It doesn't take a Wharton MBA to diagnose the problem facing the USPS. All you need to do is spend time interacting with clerks at your neighborhood post office. If ever there was a more inefficient, disinterested, and lazy collection of workers than those who often staff the counters at a USPS post office, we have yet to have the misfortune of meeting them. Finding a friendly, competent postal clerk is a miracle on par with finding an extinct tree frog in the Amazon.
(The dullards who work at Rite-Aids could maybe make the contest interesting. We often wonder what sort of employment screening process goes into the hiring of Rite-Aid workers. No matter what location you visit, the workers are lost, confused, and always seem startled to have to work the cash register. Luckily, we now live in a Rite-Aid-free-zone and enjoy CVS and Walgreens. But we digress.)
Here are our observations about post office clerks.**
* Lazy - Why work quickly to make a transaction fast and snappy when you can move ever so slowly and drag everything out? No one's in a hurry here. It's not like we have a limited lunch hour to eat and run multiple errands. Take your time. Reach over there... and then reach over there... now thumb through the stamps - not too fast! Whatever you do, don't exert yourself. Bonus points for having to walk "in the back" to get something or ask a question, thus allowing customers to witness your laborious shuffle-step in excruciating half-speed.
* Chatty - You may have regular customers like Norm from "Cheers," but most people in line don't know you or your nephew or your crazy mother-in-law you like to talk about. Most people in line would rather have their wisdom teeth pulled than spend one more moment in your drab, airless lobby staring at out-of-date sales posters featuring Looney Tunes stamps. No one wants to watch you catch up with the lady who comes in once a week with sixteen packages for her boss. And your willingness to chew the fat with customers is always in direct proportion to the length of your line of customers.

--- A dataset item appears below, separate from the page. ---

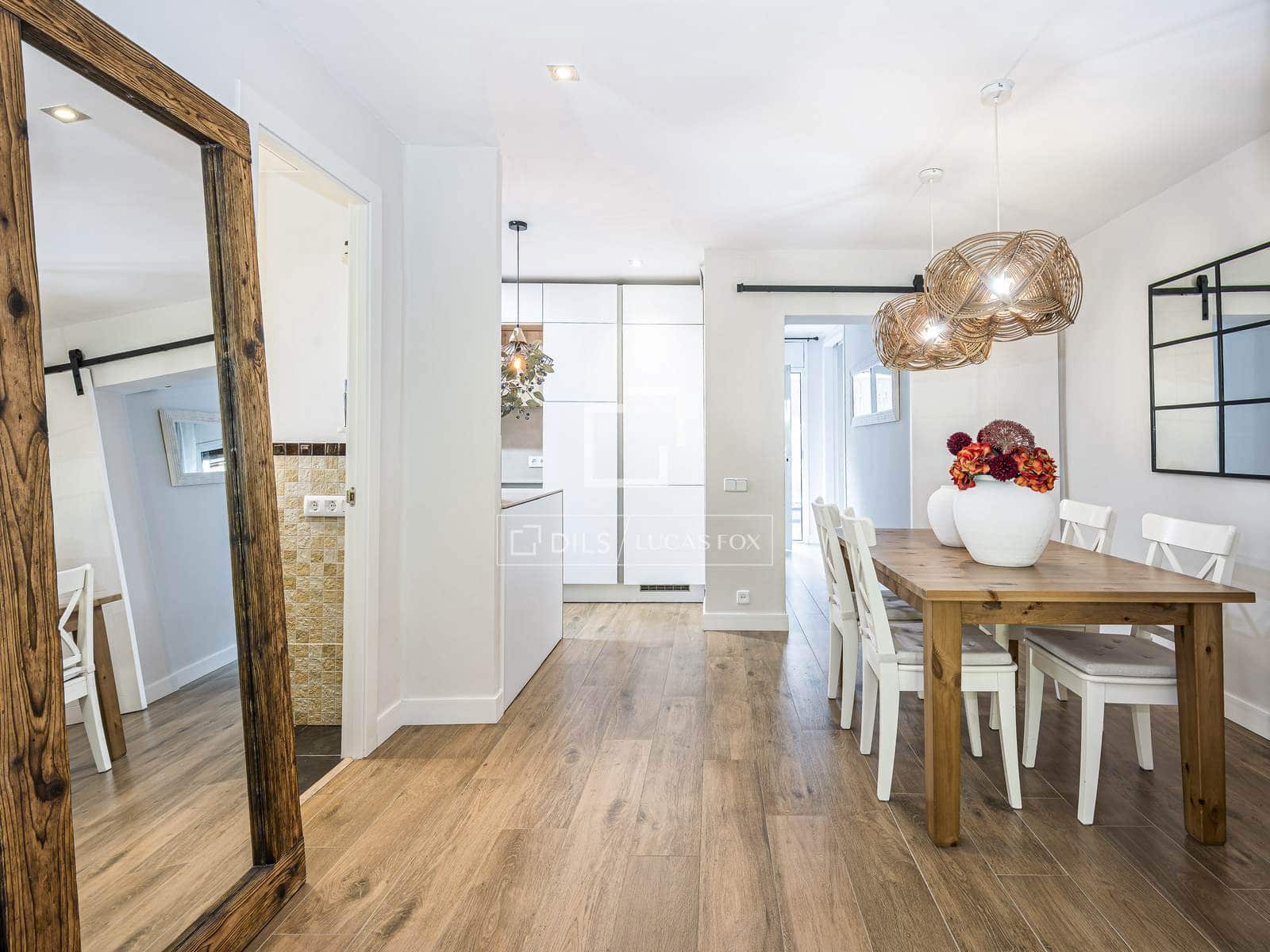 3 sypialnia Willa na sprzedaż w Castelldefels z basenem garażem - 995 000 € (Ref: 10016819)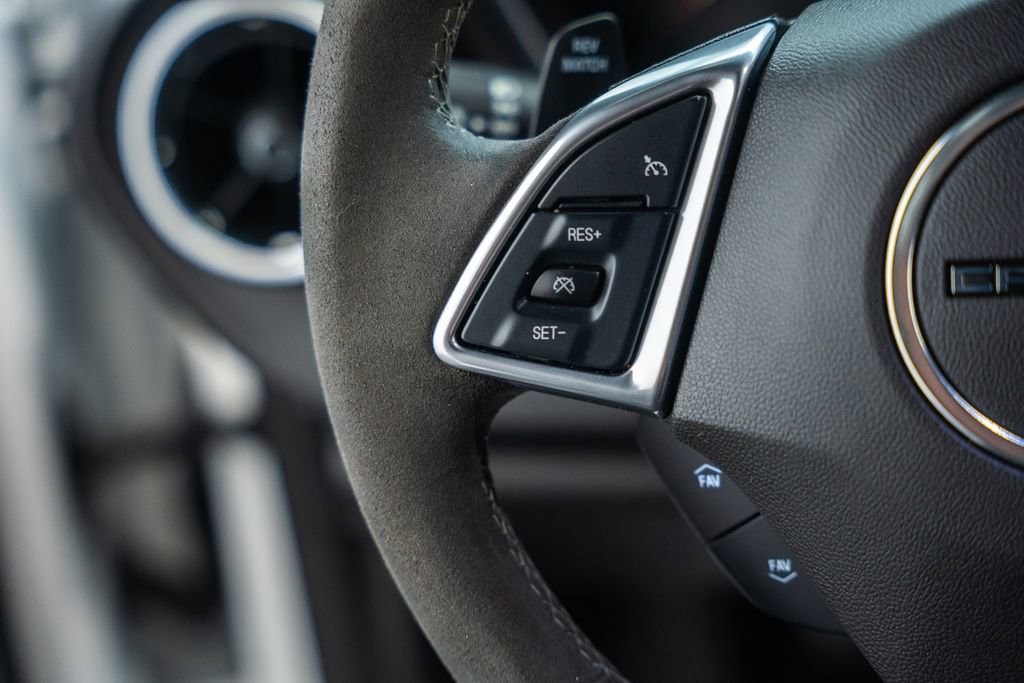 Used 2019 Chevrolet Camaro SS RWD image 32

* Stubborn - Speaking of long lines, no matter how long the line may get, please do not take the initiative to call for additional workers to come help you. You'll get to us when you get to us, right? More galling are the peals of laughter coming from the back as your coworkers dick around while we're forced to look at the back of the bald man in front of you for the 16th minute and wonder how he thinks he's going to ship a shoebox that isn't taped closed. Why can't your coworkers come out for a few minutes to chip in? Are they not properly trained in the sophisticated art of cash register button-pushing? That goes double for you, too, post office worker who actually walks by the counter, sees the long line, frowns, and then keeps right on walking.
* Upseller - If we want insurance or proof of delivery or any other damn stupid service you attempt to provide (seriously, the only difference between first-class mail and Priority Mail is the fancy red and blue envelope, right?), we'll ask. How many millions of collective minutes in this country are wasted each week by postal clerks running through their lame laundry list of additional services that you have to say "no" "no" "no" to? I'm mailing a letter to the Gas Company. Why would I want to insure it?
We suspect by now you sense a theme: bureaucratic short-sightedness and sedentary inefficiencies and a complete disinterest in customer service. Slow workers displaying little productivity will of course undermine an organization's profitability. The work of one motivated employee is spread out among three unmotivated employees, all of whom get paid the same. How about cutting loose some of the dead weight? Maybe the workers left behind might put a little bounce in their step. No, that won't work. Instead, let's just raise the postage rates. Or cut back to five days of delivery. That makes sense, right?
Some may argue that we don't understand the complex systems at work here. The problem is not so easily resolved. True, but all we can go by is what we see. And we see big problems. Most legitimate companies do everything they can to hide those problems. The USPS will let anyone take a look for little more than 44 cents.
**A disclaimer: post office mail carriers out lugging those big mail sacks and driving trucks from the passenger seat are a completely different breed, often helpful, energetic, and proactive in ways their in-house coworkers could never be.
I agree with most of your statements, but I do have to say I like it when they try to get personal and at least try to make it seem like they are little bit human by having a short conversation.